RECORDS FOR THIS TASK Start Marker

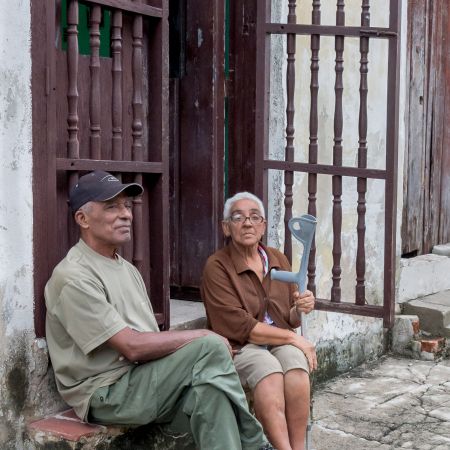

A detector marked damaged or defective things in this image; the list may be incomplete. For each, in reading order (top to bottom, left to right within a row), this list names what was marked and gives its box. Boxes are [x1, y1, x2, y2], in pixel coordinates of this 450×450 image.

peeling paint wall [268, 0, 408, 372]
cracked concrete [312, 356, 450, 450]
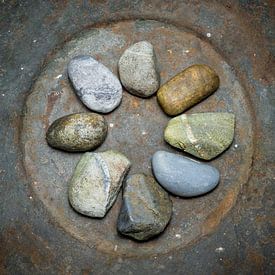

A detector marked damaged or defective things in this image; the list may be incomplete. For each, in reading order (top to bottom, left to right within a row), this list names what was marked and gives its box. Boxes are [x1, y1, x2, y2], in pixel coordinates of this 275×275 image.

circular rusty metal surface [21, 20, 254, 258]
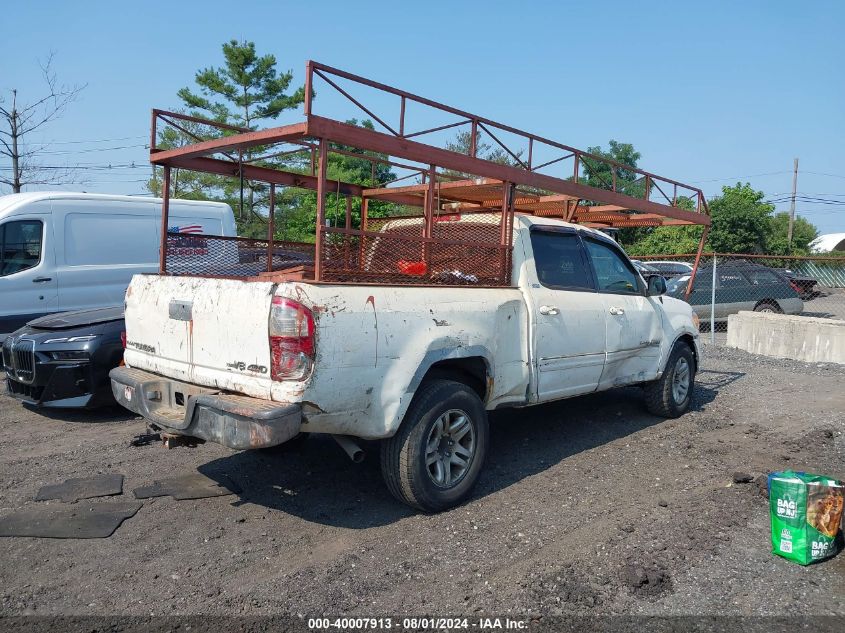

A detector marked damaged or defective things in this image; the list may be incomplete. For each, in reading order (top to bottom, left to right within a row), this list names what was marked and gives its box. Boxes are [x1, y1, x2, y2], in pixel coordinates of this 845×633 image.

rusty rack frame pipe [153, 59, 712, 286]
rusty metal cargo rack [153, 60, 712, 288]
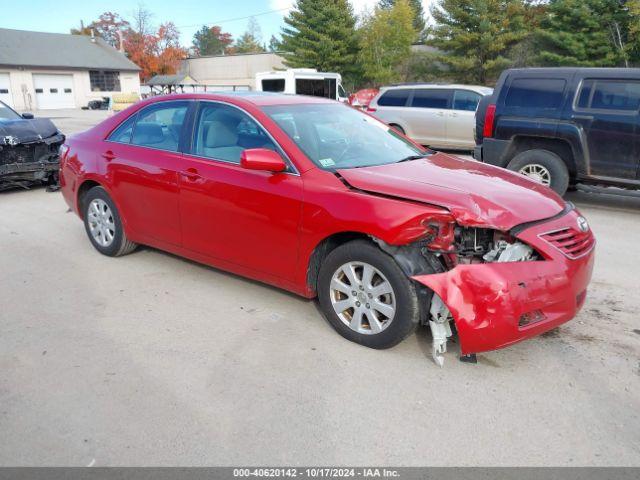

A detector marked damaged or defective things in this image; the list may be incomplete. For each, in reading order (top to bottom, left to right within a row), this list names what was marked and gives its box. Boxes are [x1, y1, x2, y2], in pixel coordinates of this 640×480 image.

crumpled hood [0, 117, 59, 144]
black damaged car [0, 100, 65, 191]
damaged red sedan [60, 93, 596, 364]
crumpled hood [336, 151, 564, 232]
crushed front bumper [412, 210, 592, 356]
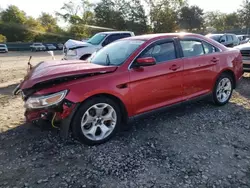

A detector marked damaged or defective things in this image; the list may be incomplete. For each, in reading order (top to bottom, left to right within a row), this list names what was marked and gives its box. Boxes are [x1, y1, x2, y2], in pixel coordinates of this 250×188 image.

exposed headlight assembly [24, 90, 67, 109]
broken headlight [24, 90, 68, 109]
dented hood [19, 60, 117, 89]
exposed wheel well [82, 93, 129, 123]
damaged red car [12, 33, 243, 145]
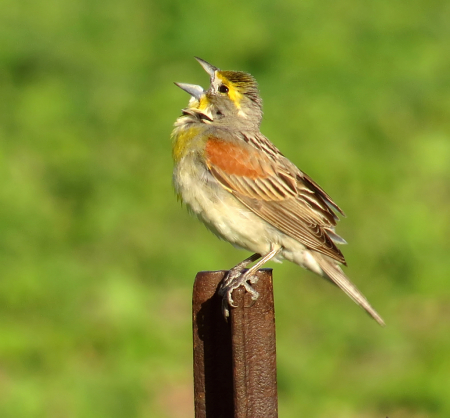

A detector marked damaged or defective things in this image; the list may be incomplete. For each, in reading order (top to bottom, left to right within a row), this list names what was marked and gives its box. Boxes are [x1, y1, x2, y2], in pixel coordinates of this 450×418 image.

rusty metal post [192, 270, 278, 416]
rust on metal [192, 270, 278, 416]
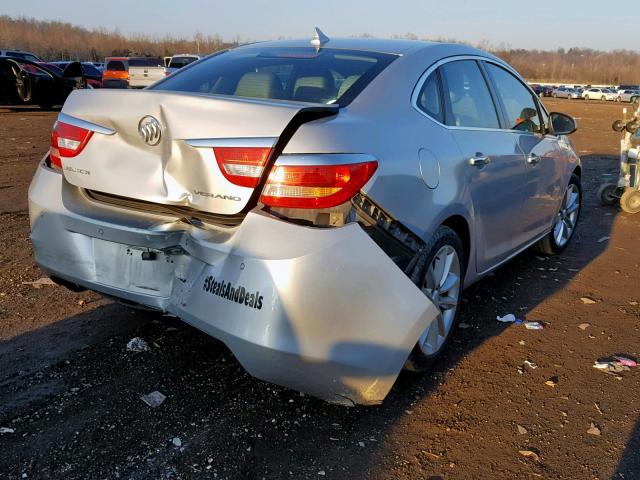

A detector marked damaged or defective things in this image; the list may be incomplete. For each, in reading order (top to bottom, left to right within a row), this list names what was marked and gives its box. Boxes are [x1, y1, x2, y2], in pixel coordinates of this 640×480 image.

damaged rear bumper [28, 164, 440, 404]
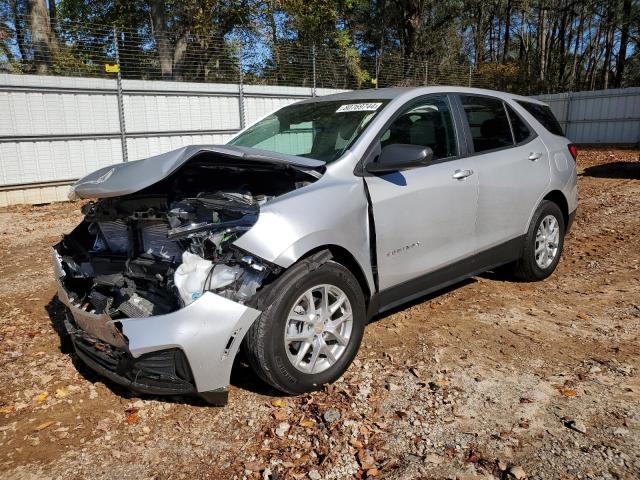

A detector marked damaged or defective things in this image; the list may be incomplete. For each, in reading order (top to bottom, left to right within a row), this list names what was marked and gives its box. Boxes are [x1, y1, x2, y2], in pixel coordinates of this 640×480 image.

damaged front end [53, 147, 324, 404]
crumpled hood [70, 145, 324, 200]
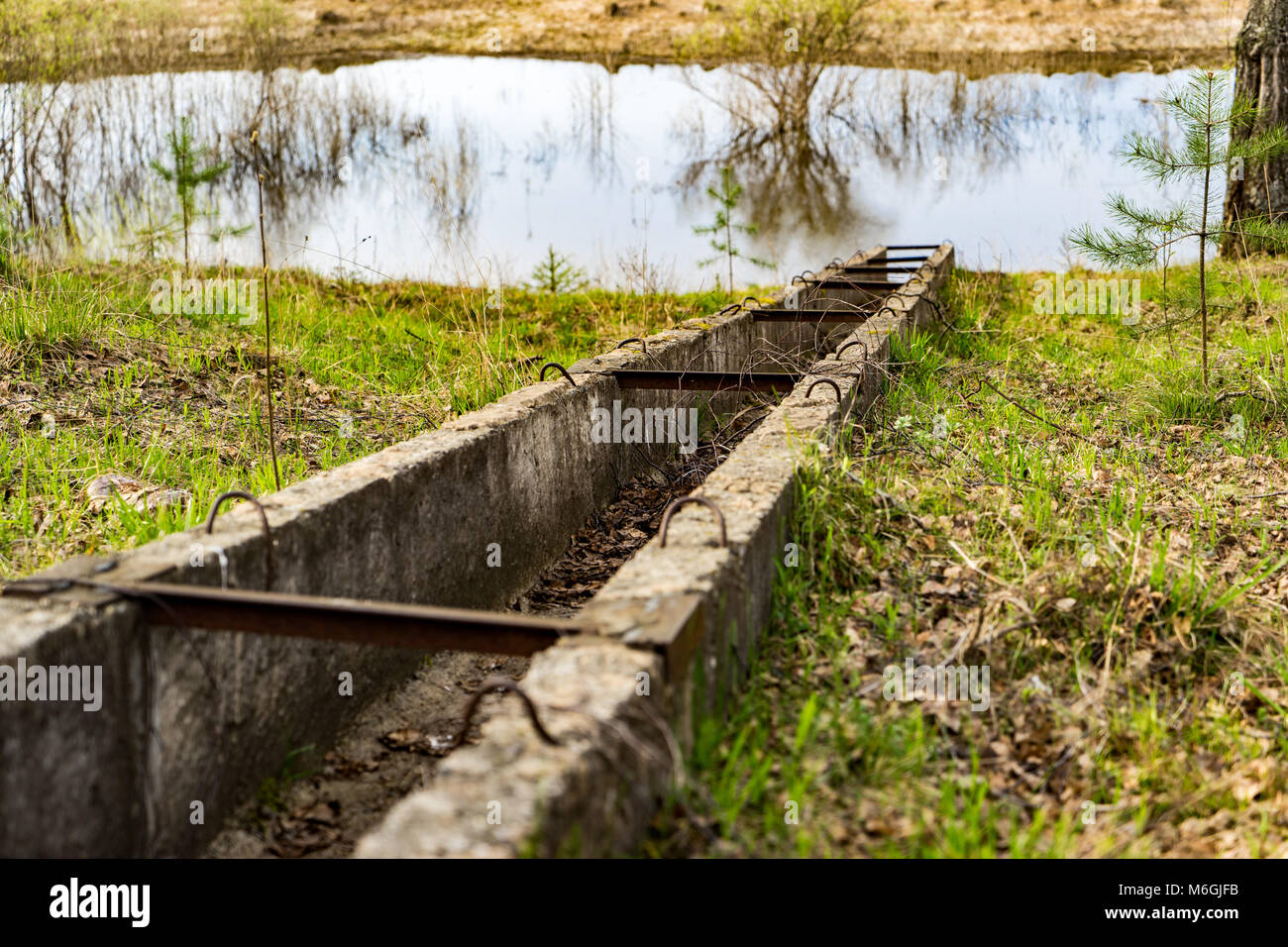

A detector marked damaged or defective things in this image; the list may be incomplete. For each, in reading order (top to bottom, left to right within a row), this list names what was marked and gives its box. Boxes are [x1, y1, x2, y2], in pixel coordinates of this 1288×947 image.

RECORDS FOR THIS TASK End Marker

EXERCISE AIM:
Could you copy every record above exactly, leaving out the pictures?

RESPONSE TO THIS TASK:
A detector marked damaged or defective things in this image; the list may be incomplete. For each, in reading order (top to bottom, left to right within a row), this list names what was marked and gives its box. Boxes are [x1, y1, x2, y2], in pixel coordinates of this 450×450 image.

peeling paint wall [268, 0, 408, 372]
cracked concrete [312, 356, 450, 450]

A detector marked damaged or defective things in this image; the list may be incomplete. For each, in reading order (top to bottom, left to right within a row), this list names what was marked and gives its box. Boxes are [x1, y1, x2, y2], in pixel coordinates of this 275×275 image.

circular rusty metal surface [21, 20, 254, 258]

A detector marked damaged or defective things in this image; the list may be incomplete. For each, in reading order (top to bottom, left to right within a row), this list names what was marked and gives its box. Boxes are [x1, y1, x2, y2], in pixel coordinates of this 845×633 image.

rusty rack frame pipe [153, 59, 712, 286]
rusty metal cargo rack [153, 60, 712, 288]

A detector marked damaged or defective things in this image; the list may be incomplete. For each, in reading order (top to bottom, left to right within a row), this list names what was marked and gives its box. Boxes are [x1, y1, x2, y2], in pixel coordinates of this 640×480 image.

crumpled hood [0, 117, 59, 144]
black damaged car [0, 100, 65, 191]
damaged red sedan [60, 93, 596, 364]
crumpled hood [336, 151, 564, 232]
crushed front bumper [412, 210, 592, 356]

A detector marked damaged or defective things in this image; the list may be incomplete. For each, in reading order (top to bottom, left to right within a row), this list names what was marked and gives its box. Boxes are [x1, y1, x2, y2], in pixel coordinates of this 250×188 image.

exposed headlight assembly [24, 90, 67, 109]
broken headlight [24, 90, 68, 109]
dented hood [19, 60, 117, 89]
exposed wheel well [82, 93, 129, 123]
damaged red car [12, 33, 243, 145]

A detector marked damaged or defective things in this image; the list may be incomplete. For each, in reading order (top to bottom, left to right within a row), this list names what was marked and gives its box. Boxes are [x1, y1, x2, y2], in pixel coordinates of this 450×418 image.

rusty metal post [192, 270, 278, 416]
rust on metal [192, 270, 278, 416]

A detector marked damaged or defective things in this image; the list may be incomplete. For each, in reading order (top to bottom, left to right within a row), this list names what was marked and gives its box. Boxes are [x1, y1, x2, y2], in pixel coordinates of this 640×480 image.

damaged rear bumper [28, 164, 440, 404]

A detector marked damaged or defective things in this image; the list may be incomplete. For each, in reading order (top to bottom, left to right within a row), this list names what was marked and gives its box. Boxes are [x1, y1, x2, y2], in pixel coordinates of this 640×480 image.

damaged front end [53, 147, 324, 404]
crumpled hood [70, 145, 324, 200]

A detector marked damaged or defective things in this image; the list may be incomplete. For each, in reading order (top to bottom, left to right within a row), this list names what was marked and gives its box. Boxes are [x1, y1, x2, y2], in pixel coordinates of this 1288×947 image.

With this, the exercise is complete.